Exercise directions: Reproduce the records exactly, but not the pictures.

Extracted material:
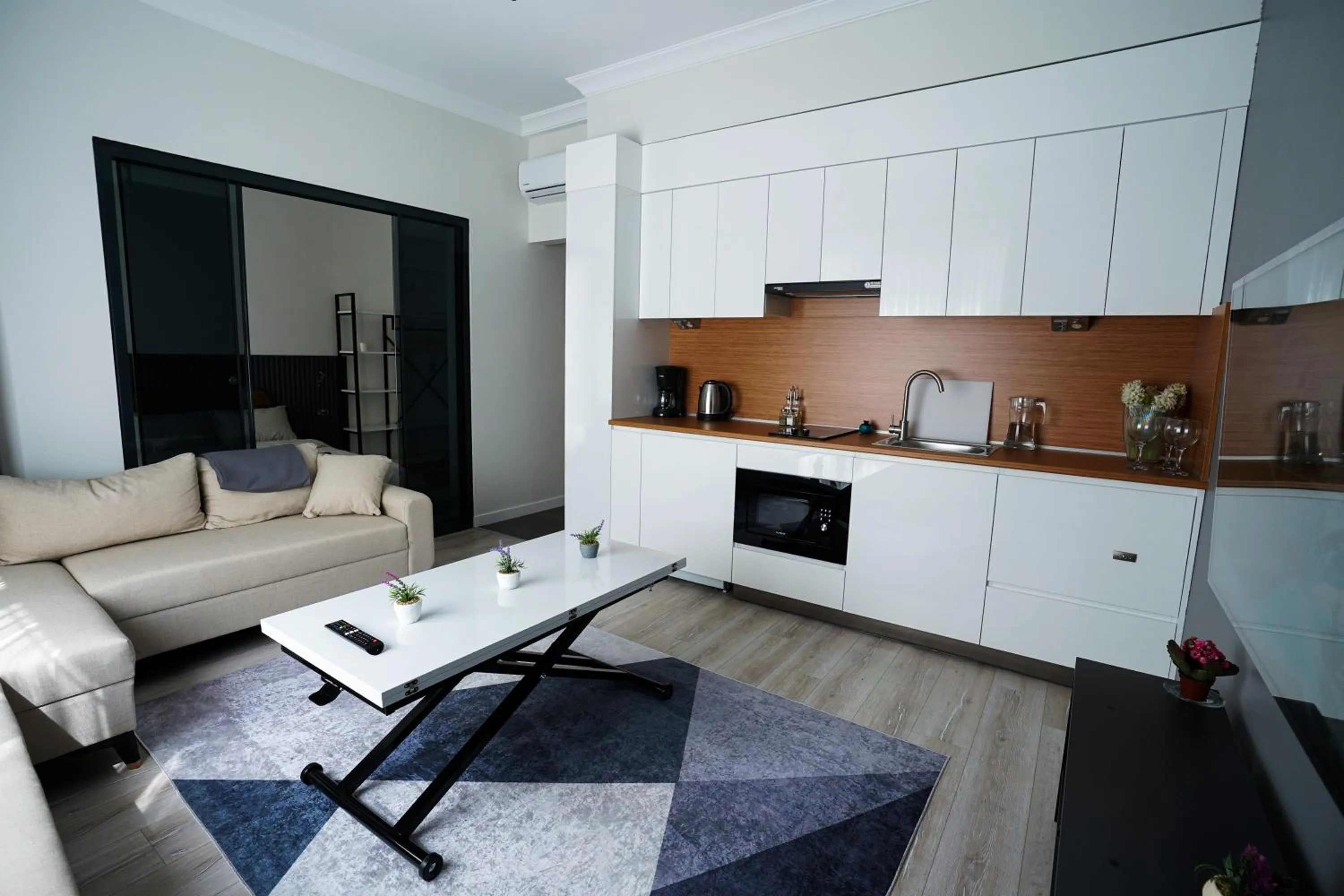 kitchen in Merkuri apartments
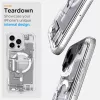 Spigen Ultra Hybrid MagFit Apple iPhone 16 Pro tok, MagSafe, Zero One, fehér
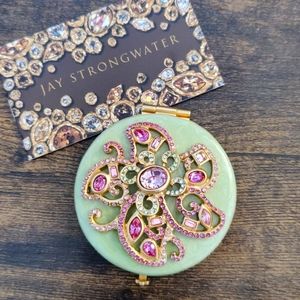 Swarovski Crystal Jay Strongwater Enamel Compact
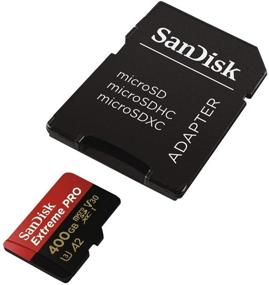 img 1 attached to Карта Micro SD SanDisk Extreme Pro Class 10 емкостью 400 ГБ для телефонов Samsung, работает с Galaxy Note 20 Ultra 5G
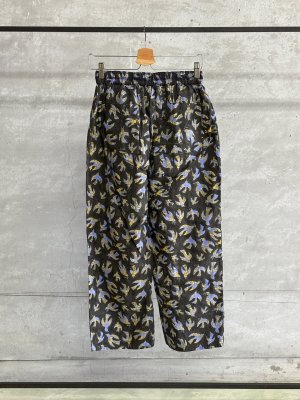 画像3: A VIEW FROM HERE BLOCK PRINT STRAIGHT PANTS   BLACK (3)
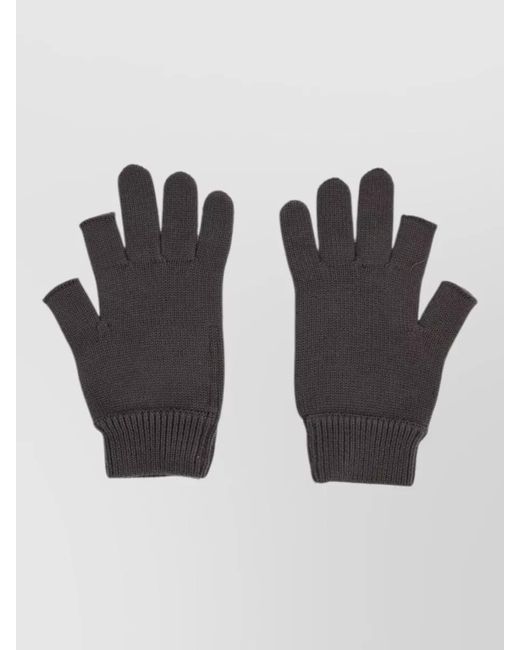 Rick Owens Multicolor Fingerless Gloves Button Detail Ribbed Cuff for men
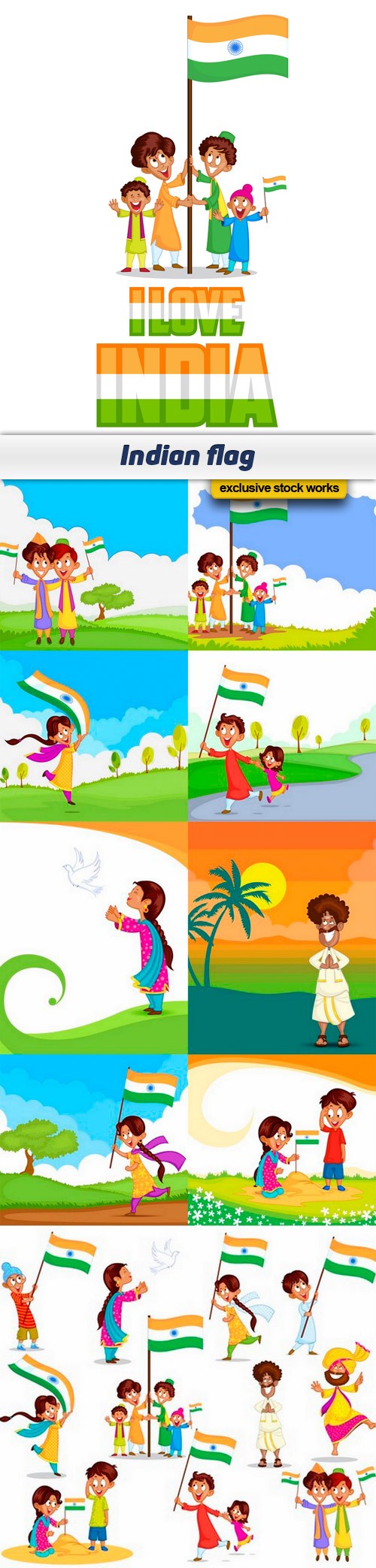 Indian flag - 10 EPS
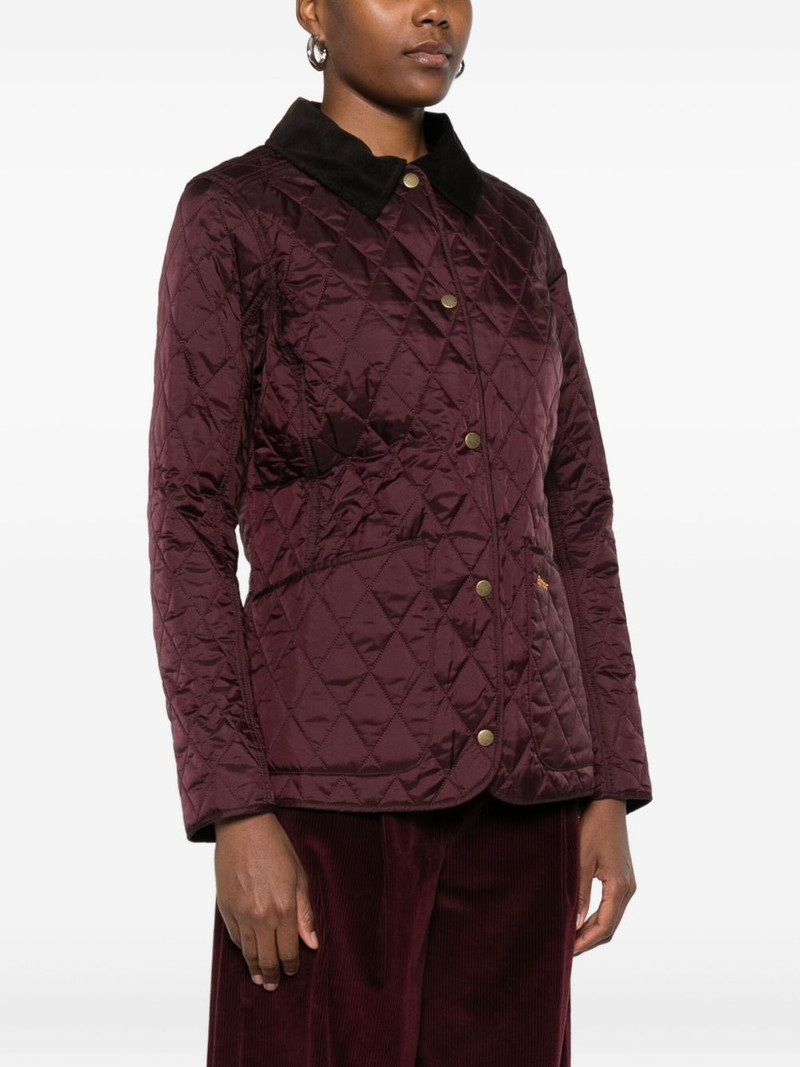 quilted corduroy-collar jacket 3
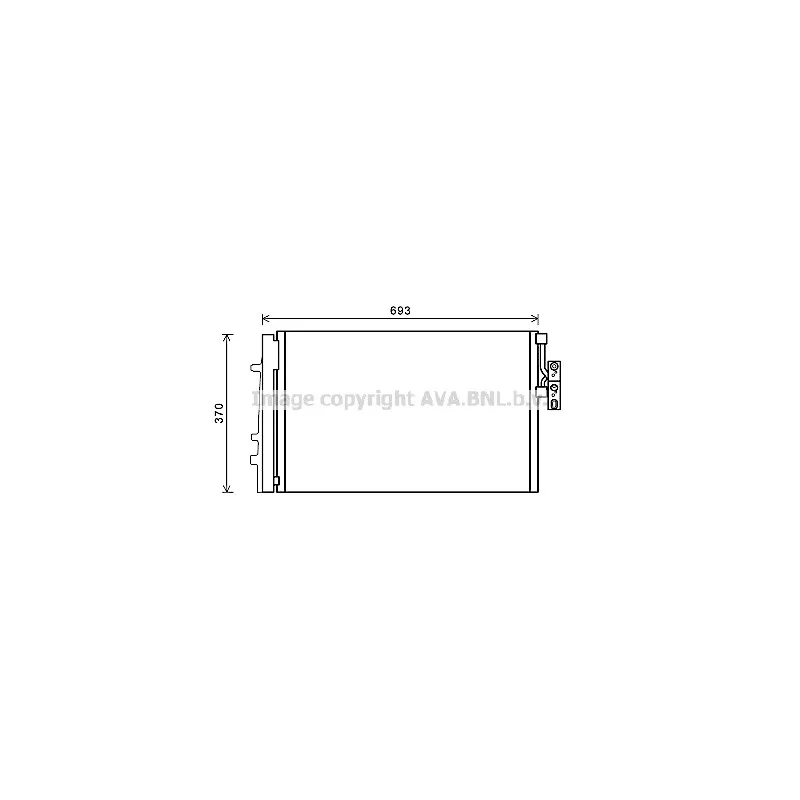 Condenseur, climatisation AVA QUALITY COOLING BW5479D
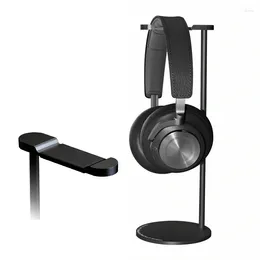 Decorative Plates Aluminium Headphone Stand Rack Sturdy Non-Slip Metal Gaming Headset Earphone Holder Hanger With Solid Base For Table Desk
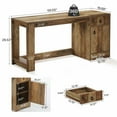 thumbnail image 2 of Kadyn Computer Desk, Office Desk, Study Desk,Rustic Wood L - Shaped Desk, Home Office Computer Workstation, 2 of 3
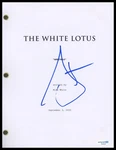 Steve Zahn "the White Lotus" Autograph Signed Complete Pilot Episode Script Acoa. Fixed Price $112.50.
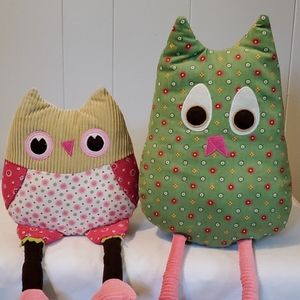 Pottery Barn Kids Owls Stuffed Toys Corduroy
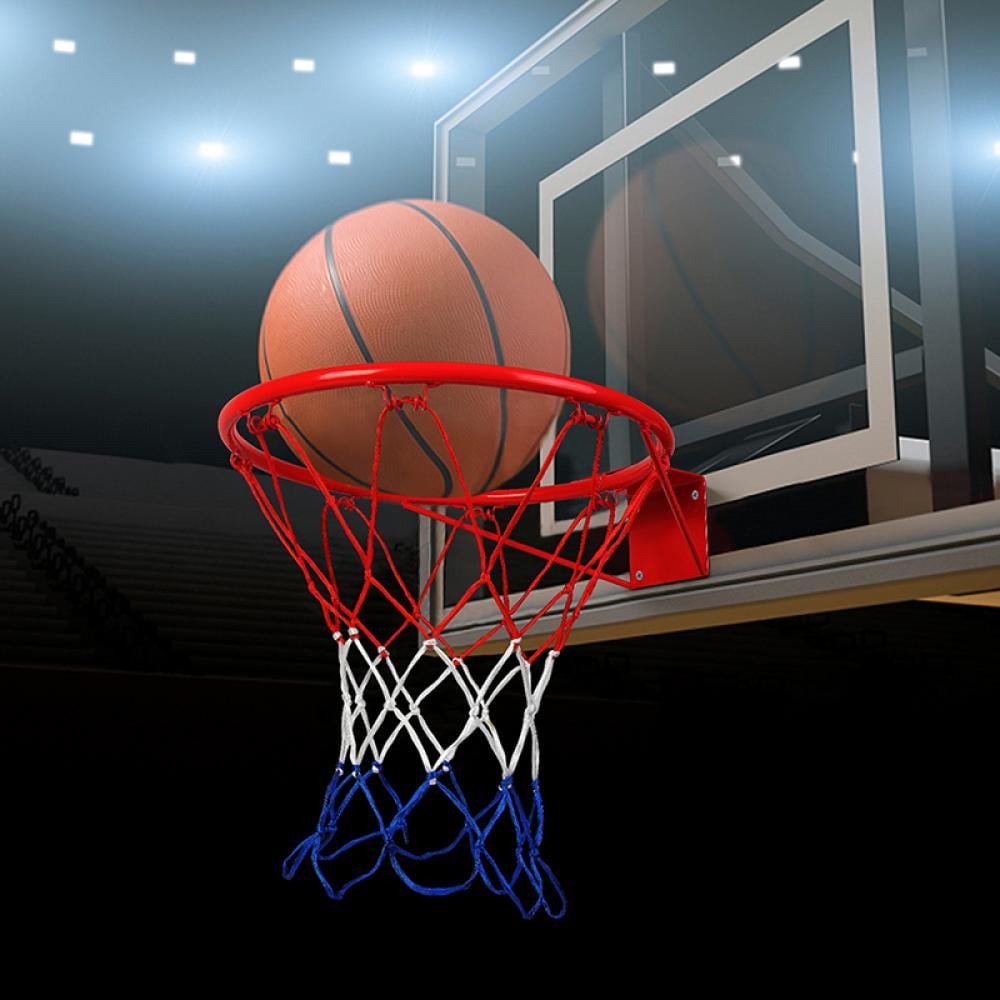 Nylon Basketball Net Thread Basketball Hoop Mesh Rim Ball Pum 12 Loops Outdoor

Task solution:
 kitchen in Merkuri apartments
 Spigen Ultra Hybrid MagFit Apple iPhone 16 Pro tok, MagSafe, Zero One, fehér
 Swarovski Crystal Jay Strongwater Enamel Compact
 img 1 attached to Карта Micro SD SanDisk Extreme Pro Class 10 емкостью 400 ГБ для телефонов Samsung, работает с Galaxy Note 20 Ultra 5G
 画像3: A VIEW FROM HERE BLOCK PRINT STRAIGHT PANTS   BLACK (3)
 Rick Owens Multicolor Fingerless Gloves Button Detail Ribbed Cuff for men
 Indian flag - 10 EPS
 quilted corduroy-collar jacket 3
 Condenseur, climatisation AVA QUALITY COOLING BW5479D
 Decorative Plates Aluminium Headphone Stand Rack Sturdy Non-Slip Metal Gaming Headset Earphone Holder Hanger With Solid Base For Table Desk
 thumbnail image 2 of Kadyn Computer Desk, Office Desk, Study Desk,Rustic Wood L - Shaped Desk, Home Office Computer Workstation, 2 of 3
 Steve Zahn "the White Lotus" Autograph Signed Complete Pilot Episode Script Acoa. Fixed Price $112.50.
 Pottery Barn Kids Owls Stuffed Toys Corduroy
 Nylon Basketball Net Thread Basketball Hoop Mesh Rim Ball Pum 12 Loops Outdoor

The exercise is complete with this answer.